Comment by to11mtm

1 day ago

"Low" is tough to say until someone does some proper sort of 'true mapping' of space debris in the range somehow. Protection would require a lot of complexity and cost due to the need for shielding and the delta-v to move it up there.

> until someone does some proper sort of 'true mapping' of space debris in the range somehow

You look at which satellites poofed and then figure out the maximum extent their debris could have drifted.

  • That works a little bit when we're talking about one satellite poofing in a year based on a collision with another satellite, and not at all when we're talking about thousands of events a year, many of which are satellite-debris collisions too small to track (you only get one orbital vector), or between pieces of debris.

    Every collision generates hundreds, maybe thousands of pieces of debris, only the largest of which are trackable.

    • Not really. There are uncertainty bands. But based on the collision you know which orbits are spoiled for about how long.

Rather than protection on each rocket, couldn't you just send a bunch of fortified rockets that absorb the debris during a collision but don't emit anything. Do that a few times and then all other rockets just reuse the path that was cut?

  • Orbit is not a location. Orbit is a group of velocity-location vectors which form a stable loop around a body, without intersecting that body.

    Imagine a bullet circling your head at mach 25. Now imagine a second bullet, circling your head at a slightly different angle, at a slightly different distance from your head. There's a chance that they could collide, and the resulting explosion would leave a great deal of dust... on a mixture of velocities, still circling your head. Now add a third bullet, also on a slightly different vector; Make sure that it doesn't collide with any of that dust!

    The actual situation is we aren't dealing with 3 bullets or 100 bullets, we have ~170 million objects orbiting the Earth, and only around 50,000 are large enough to track. They are all moving fast enough in relation to each other that a collision would result in a sizable explosion, not an elastic agglomeration. We have no way of removing them.

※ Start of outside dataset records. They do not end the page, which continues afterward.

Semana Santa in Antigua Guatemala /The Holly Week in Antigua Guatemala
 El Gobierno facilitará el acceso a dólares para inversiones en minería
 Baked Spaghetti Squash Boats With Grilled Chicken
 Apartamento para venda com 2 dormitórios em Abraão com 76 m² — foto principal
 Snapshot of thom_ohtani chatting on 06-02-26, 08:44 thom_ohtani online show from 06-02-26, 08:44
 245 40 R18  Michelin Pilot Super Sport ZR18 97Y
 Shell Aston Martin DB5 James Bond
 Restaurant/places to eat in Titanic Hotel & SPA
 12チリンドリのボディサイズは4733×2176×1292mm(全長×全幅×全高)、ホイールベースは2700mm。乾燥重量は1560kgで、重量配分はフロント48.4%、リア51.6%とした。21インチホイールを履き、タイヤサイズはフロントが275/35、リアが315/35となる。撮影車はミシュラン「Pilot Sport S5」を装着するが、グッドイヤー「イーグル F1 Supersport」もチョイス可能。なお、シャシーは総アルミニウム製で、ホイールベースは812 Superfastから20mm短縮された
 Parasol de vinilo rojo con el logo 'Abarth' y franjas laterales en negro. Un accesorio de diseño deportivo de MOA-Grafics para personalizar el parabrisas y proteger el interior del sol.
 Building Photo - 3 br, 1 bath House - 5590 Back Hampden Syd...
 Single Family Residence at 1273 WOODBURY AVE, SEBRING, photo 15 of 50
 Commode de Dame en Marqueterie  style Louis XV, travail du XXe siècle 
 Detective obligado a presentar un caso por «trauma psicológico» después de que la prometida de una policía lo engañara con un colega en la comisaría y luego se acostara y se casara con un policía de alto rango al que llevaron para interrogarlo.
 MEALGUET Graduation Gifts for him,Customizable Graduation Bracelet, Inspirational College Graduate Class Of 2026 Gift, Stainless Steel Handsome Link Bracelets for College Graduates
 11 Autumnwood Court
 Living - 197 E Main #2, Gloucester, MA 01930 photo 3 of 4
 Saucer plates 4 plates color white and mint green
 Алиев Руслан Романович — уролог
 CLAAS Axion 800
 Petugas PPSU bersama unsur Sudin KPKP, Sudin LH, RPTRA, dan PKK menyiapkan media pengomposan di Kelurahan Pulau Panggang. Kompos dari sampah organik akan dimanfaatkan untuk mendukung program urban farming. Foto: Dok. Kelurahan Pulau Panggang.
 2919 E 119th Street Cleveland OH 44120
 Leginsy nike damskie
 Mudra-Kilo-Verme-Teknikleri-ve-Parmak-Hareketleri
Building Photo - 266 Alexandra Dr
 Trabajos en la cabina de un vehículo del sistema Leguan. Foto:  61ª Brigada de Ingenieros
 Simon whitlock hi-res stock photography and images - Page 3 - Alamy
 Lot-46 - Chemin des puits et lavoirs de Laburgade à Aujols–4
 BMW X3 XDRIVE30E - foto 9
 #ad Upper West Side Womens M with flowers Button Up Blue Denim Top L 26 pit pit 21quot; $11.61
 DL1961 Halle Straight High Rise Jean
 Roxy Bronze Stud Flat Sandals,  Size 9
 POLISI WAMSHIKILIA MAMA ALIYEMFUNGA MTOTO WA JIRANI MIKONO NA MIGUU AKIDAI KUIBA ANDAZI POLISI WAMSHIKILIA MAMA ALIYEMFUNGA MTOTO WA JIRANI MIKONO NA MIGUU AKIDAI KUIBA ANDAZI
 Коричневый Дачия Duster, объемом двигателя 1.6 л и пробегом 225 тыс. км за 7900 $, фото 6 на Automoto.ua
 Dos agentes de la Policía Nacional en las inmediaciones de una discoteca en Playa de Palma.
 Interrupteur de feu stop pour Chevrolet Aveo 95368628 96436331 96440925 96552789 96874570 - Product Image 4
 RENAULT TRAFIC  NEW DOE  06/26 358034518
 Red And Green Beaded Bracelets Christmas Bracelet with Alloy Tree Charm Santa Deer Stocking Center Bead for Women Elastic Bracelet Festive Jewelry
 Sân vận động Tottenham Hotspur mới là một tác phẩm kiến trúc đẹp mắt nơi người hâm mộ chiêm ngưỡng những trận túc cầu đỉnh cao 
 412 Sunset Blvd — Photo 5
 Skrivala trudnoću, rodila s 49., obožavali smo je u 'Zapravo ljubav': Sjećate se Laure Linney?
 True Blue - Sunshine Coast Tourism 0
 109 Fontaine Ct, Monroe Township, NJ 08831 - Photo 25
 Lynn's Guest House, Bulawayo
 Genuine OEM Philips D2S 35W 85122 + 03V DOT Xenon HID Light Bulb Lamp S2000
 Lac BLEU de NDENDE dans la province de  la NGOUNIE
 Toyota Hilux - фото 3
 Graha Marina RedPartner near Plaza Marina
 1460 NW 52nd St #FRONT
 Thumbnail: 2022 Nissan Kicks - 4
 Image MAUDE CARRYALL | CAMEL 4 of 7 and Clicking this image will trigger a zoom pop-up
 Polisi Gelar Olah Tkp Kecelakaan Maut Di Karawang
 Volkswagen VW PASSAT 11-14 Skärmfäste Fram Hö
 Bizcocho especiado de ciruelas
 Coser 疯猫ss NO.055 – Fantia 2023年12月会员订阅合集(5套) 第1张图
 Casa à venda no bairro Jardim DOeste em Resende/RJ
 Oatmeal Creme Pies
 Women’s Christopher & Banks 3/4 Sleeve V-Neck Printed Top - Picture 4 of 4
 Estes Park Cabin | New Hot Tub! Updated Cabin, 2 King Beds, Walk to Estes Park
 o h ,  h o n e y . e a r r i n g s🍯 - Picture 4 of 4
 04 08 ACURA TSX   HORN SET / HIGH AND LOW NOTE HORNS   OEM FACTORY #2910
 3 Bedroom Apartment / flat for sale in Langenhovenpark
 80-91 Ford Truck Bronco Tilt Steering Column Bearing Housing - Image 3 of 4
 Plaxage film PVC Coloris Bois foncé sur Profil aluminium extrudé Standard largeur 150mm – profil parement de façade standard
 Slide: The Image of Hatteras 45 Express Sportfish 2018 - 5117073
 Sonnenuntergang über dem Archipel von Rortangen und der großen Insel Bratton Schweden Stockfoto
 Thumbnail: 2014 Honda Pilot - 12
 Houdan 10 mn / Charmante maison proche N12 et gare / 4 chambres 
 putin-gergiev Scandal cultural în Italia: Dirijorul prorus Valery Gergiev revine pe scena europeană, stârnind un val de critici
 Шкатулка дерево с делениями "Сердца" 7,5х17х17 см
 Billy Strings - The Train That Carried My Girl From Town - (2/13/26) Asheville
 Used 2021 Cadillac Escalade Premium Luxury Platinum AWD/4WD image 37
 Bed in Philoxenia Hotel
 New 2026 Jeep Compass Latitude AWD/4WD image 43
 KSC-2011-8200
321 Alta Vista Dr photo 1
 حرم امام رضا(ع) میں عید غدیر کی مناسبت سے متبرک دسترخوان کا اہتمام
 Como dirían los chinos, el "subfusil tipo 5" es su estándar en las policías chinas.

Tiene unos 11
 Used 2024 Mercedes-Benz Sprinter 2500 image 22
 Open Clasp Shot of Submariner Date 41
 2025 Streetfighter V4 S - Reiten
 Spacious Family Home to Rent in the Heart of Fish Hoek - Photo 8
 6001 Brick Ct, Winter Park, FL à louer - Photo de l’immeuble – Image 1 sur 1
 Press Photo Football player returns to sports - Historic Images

    The good news is that there is a large volume of space for them to exist in. The bad news is that as we continue to fill it up, odds of collisions increase, and every collision spawns many, many more objects.

    • You’ve explained what Kessler syndrome is but not why my idea doesn’t work.

      I’m saying send reinforced rockets through the orbits that absorb the collision instead of generating more dust. That should let you clear a path through all orbits that intersect your path. It’s hard to do and the 3d aspect of it might make it expensive but conceptually it could be a solution. Or use super powerful lasers (potentially mounted on a satellite) to deorbit the dust

      5 replies →

  • > couldn't you just send a bunch of fortified rockets that absorb the debris during a collision but don't emit anything.

    "Just" how? Orbital collisions happen at an average of 10km/s, you're going to make what, some kind of sponge that can get hit by a chunk of satellite going ~8x faster than a bullet and absorb it and slow it to a halt without fragmenting at all? Good luck.

    > Do that a few times and then all other rockets just reuse the path that was cut?

    Things in orbit are constantly moving, you can't "clear a path" any more than you can, IDK, make a safe route through a forest by walking through it once and moving any bears you encounter a couple of feet.